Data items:
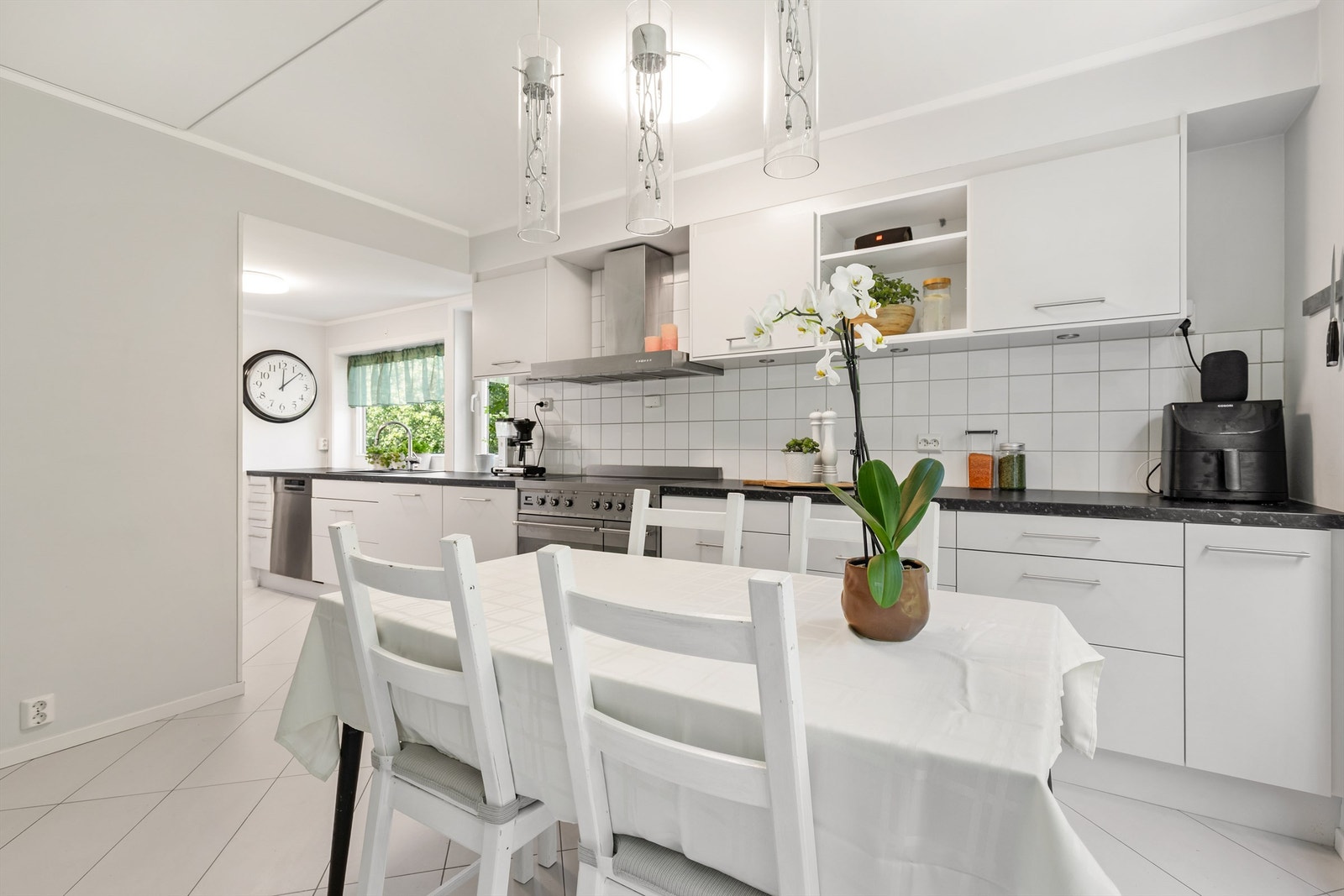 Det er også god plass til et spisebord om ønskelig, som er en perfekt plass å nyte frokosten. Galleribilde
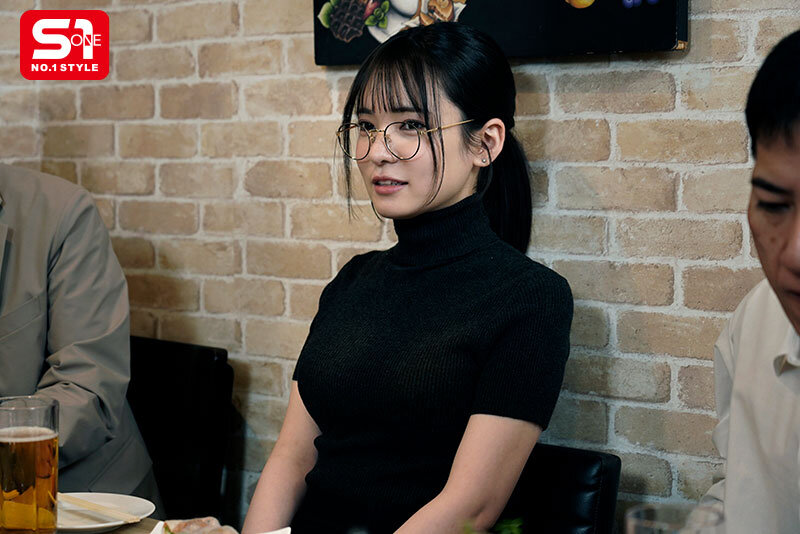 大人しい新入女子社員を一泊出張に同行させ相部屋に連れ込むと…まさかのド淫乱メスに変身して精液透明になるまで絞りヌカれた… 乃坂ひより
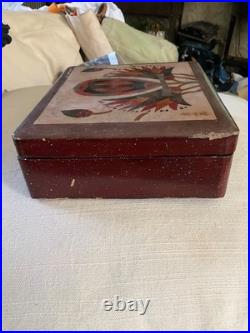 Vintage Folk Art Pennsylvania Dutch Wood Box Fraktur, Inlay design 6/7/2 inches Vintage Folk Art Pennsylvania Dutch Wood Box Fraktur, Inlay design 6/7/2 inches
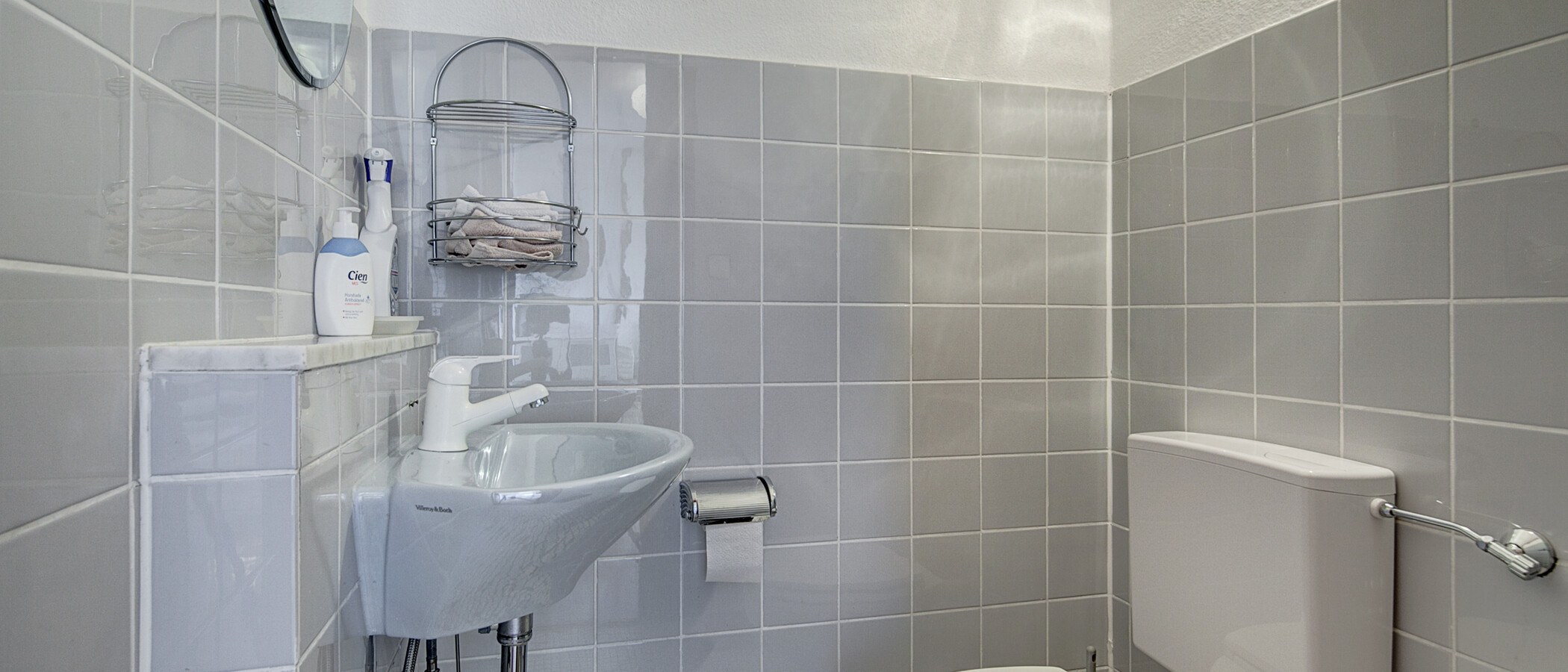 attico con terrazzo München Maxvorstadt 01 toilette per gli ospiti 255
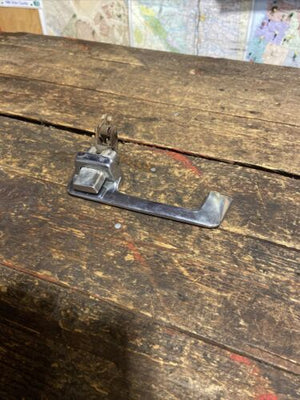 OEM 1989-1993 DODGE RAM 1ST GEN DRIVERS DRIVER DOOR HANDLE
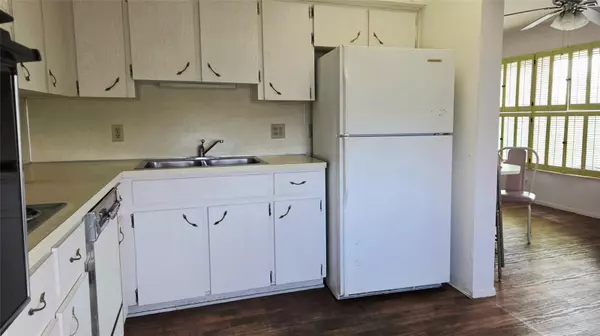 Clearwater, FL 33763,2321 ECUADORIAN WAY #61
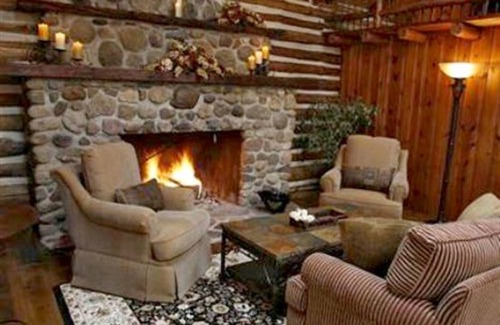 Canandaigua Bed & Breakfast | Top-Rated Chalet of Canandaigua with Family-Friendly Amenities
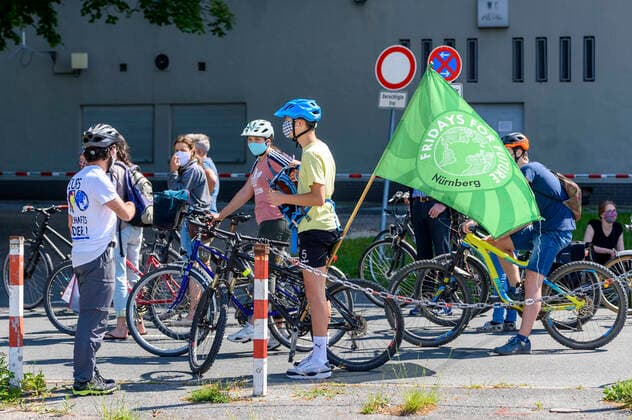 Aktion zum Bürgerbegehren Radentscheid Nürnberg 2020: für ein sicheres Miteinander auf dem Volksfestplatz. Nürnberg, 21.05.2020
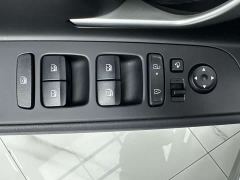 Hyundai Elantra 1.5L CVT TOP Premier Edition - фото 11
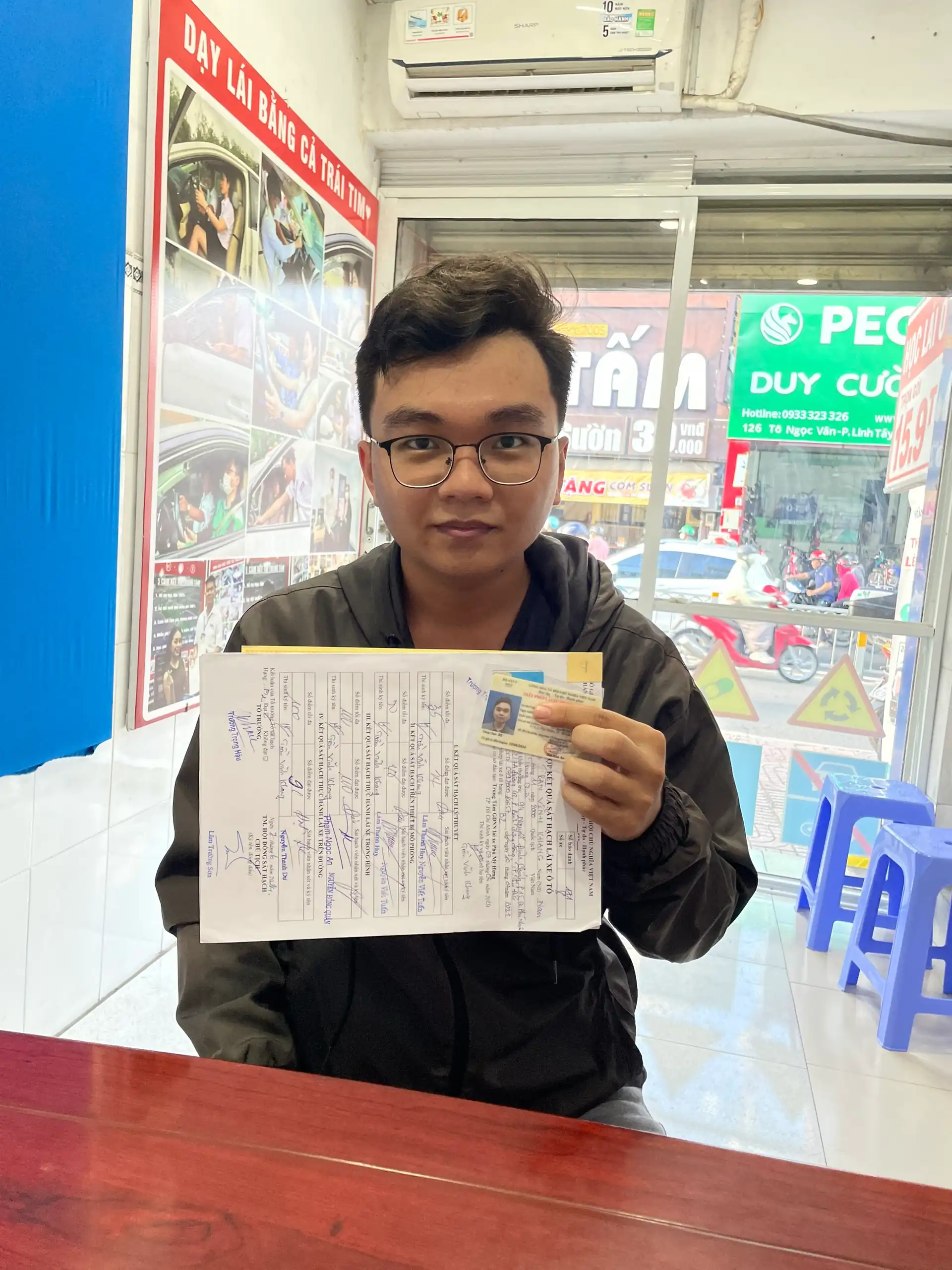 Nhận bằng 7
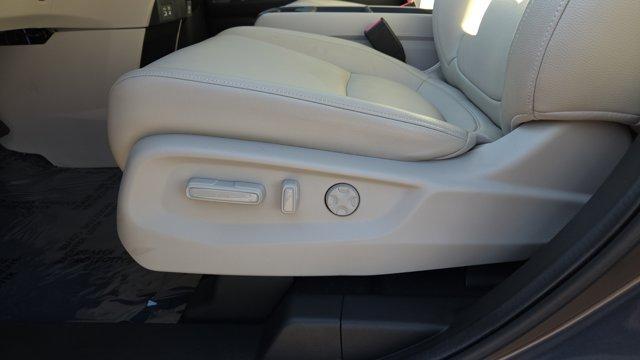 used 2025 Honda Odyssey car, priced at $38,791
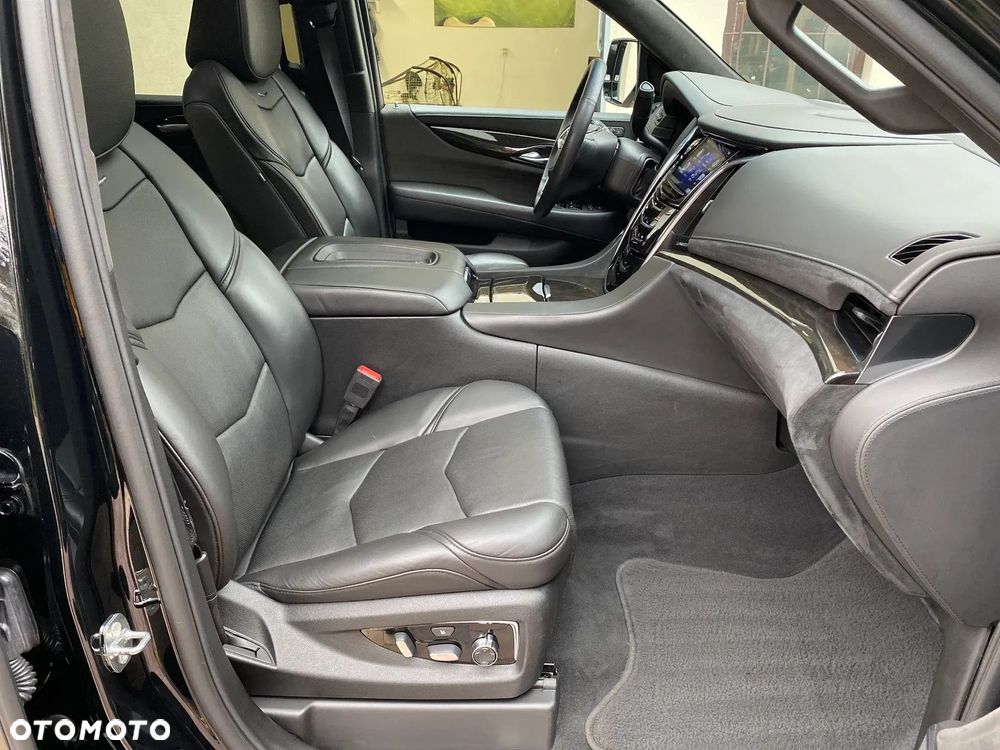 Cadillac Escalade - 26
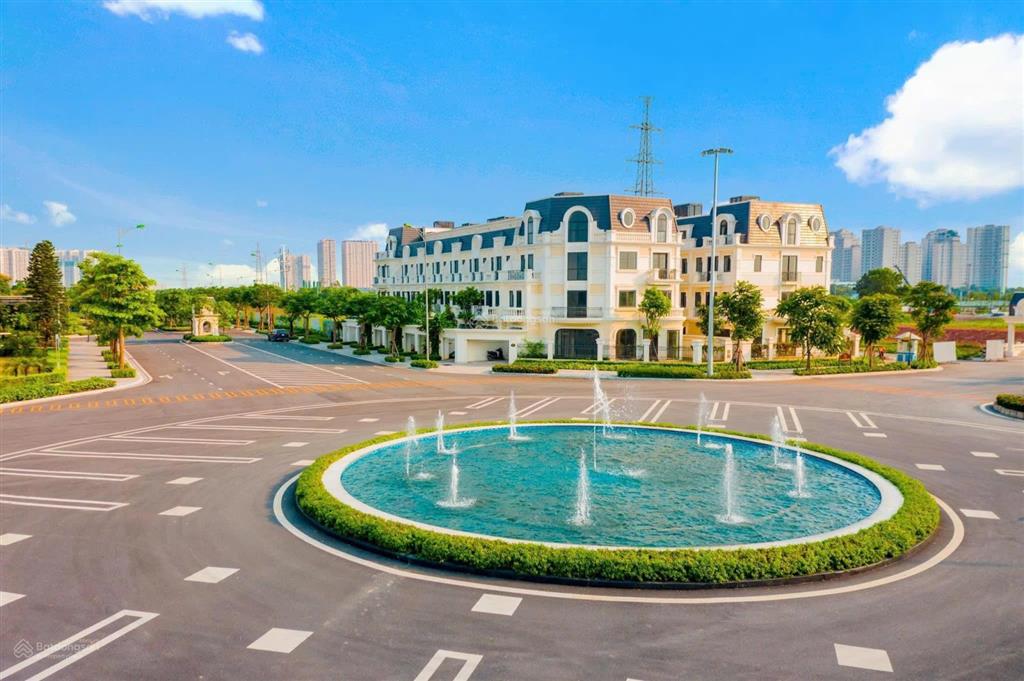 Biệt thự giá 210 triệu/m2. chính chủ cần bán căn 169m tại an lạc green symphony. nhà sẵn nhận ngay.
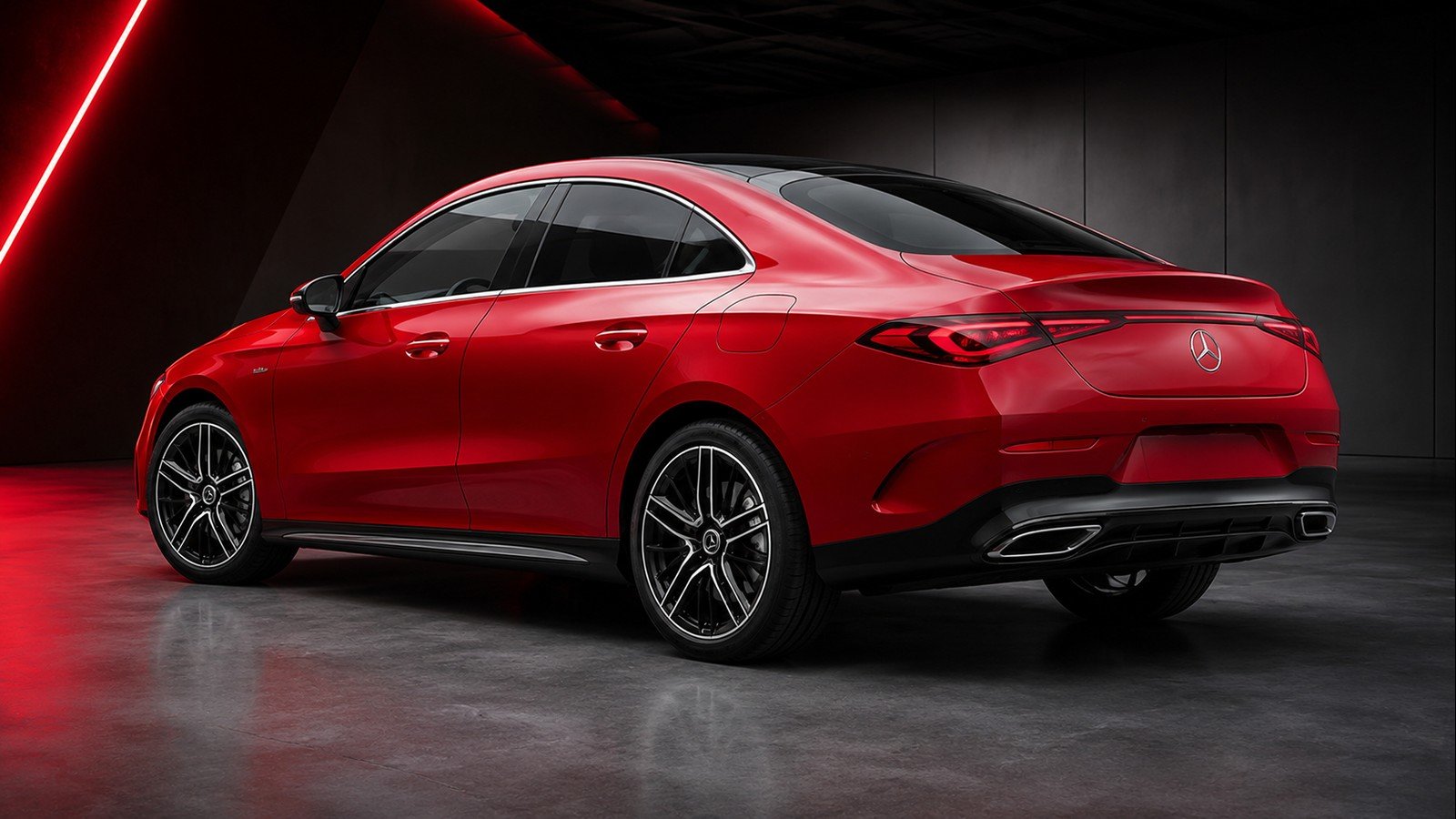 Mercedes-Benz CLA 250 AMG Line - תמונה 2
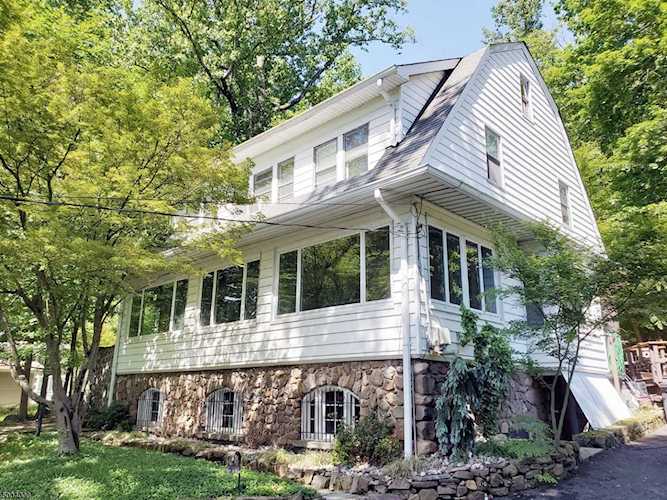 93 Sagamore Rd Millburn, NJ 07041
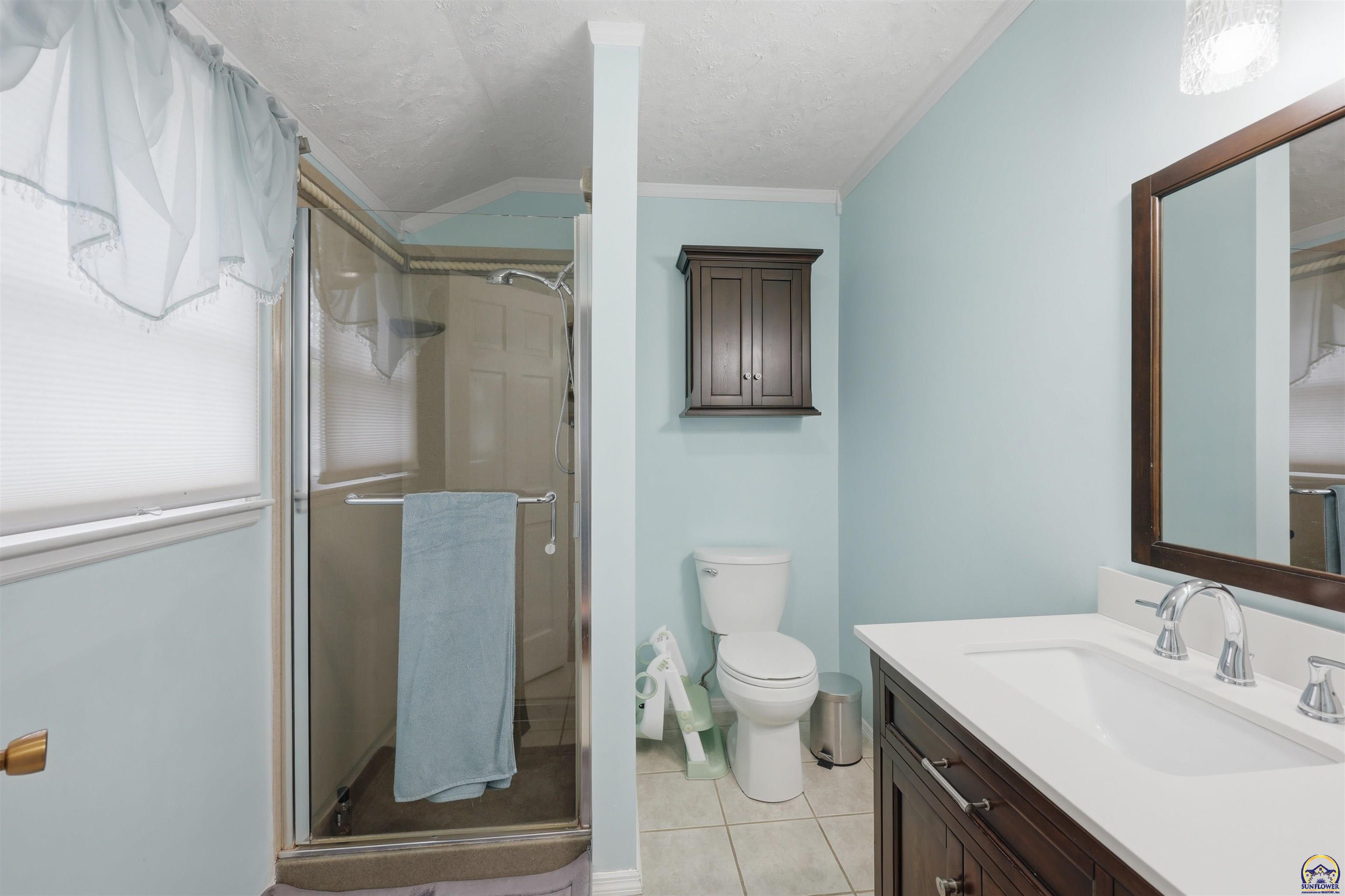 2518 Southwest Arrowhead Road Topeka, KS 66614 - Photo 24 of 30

**Aim of the task**
Nothing but the lines from the start of the records through the line holding "Nhận bằng 7" should be printed, exactly as written and with the pictures left out.

**Expected answer**
 Det er også god plass til et spisebord om ønskelig, som er en perfekt plass å nyte frokosten. Galleribilde
 大人しい新入女子社員を一泊出張に同行させ相部屋に連れ込むと…まさかのド淫乱メスに変身して精液透明になるまで絞りヌカれた… 乃坂ひより
 Vintage Folk Art Pennsylvania Dutch Wood Box Fraktur, Inlay design 6/7/2 inches Vintage Folk Art Pennsylvania Dutch Wood Box Fraktur, Inlay design 6/7/2 inches
 attico con terrazzo München Maxvorstadt 01 toilette per gli ospiti 255
 OEM 1989-1993 DODGE RAM 1ST GEN DRIVERS DRIVER DOOR HANDLE
 Clearwater, FL 33763,2321 ECUADORIAN WAY #61
 Canandaigua Bed & Breakfast | Top-Rated Chalet of Canandaigua with Family-Friendly Amenities
 Aktion zum Bürgerbegehren Radentscheid Nürnberg 2020: für ein sicheres Miteinander auf dem Volksfestplatz. Nürnberg, 21.05.2020
 Hyundai Elantra 1.5L CVT TOP Premier Edition - фото 11
 Nhận bằng 7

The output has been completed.